> [What the exercise asks] Please restate, exactly as written, the lines running from the beginning of the material through the line that has "Tennis: Wimbledon championships" in it.

> [Material provided]
Content starts

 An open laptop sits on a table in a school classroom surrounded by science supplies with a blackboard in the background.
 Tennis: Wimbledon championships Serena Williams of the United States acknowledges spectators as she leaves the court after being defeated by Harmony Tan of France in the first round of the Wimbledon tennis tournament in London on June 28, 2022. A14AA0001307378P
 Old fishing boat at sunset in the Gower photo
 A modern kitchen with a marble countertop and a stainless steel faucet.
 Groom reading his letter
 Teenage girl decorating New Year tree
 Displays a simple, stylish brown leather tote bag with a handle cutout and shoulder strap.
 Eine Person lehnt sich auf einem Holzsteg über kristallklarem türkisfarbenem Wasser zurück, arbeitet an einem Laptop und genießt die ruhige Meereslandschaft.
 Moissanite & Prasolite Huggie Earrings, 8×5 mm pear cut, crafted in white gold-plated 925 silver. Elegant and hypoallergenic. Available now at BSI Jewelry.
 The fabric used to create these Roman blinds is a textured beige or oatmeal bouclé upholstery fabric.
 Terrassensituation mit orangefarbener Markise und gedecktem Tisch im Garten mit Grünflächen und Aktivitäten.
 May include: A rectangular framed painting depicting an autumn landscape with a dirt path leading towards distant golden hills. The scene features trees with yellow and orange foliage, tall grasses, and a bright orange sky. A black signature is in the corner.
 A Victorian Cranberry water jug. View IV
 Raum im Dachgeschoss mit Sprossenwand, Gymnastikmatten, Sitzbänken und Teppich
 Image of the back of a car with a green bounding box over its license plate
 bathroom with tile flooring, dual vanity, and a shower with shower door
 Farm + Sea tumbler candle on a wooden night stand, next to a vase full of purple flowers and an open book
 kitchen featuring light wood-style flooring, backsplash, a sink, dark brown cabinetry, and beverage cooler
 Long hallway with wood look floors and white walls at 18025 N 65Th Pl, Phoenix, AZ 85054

Content ends

> [Written solution]
 An open laptop sits on a table in a school classroom surrounded by science supplies with a blackboard in the background.
 Tennis: Wimbledon championships Serena Williams of the United States acknowledges spectators as she leaves the court after being defeated by Harmony Tan of France in the first round of the Wimbledon tennis tournament in London on June 28, 2022. A14AA0001307378P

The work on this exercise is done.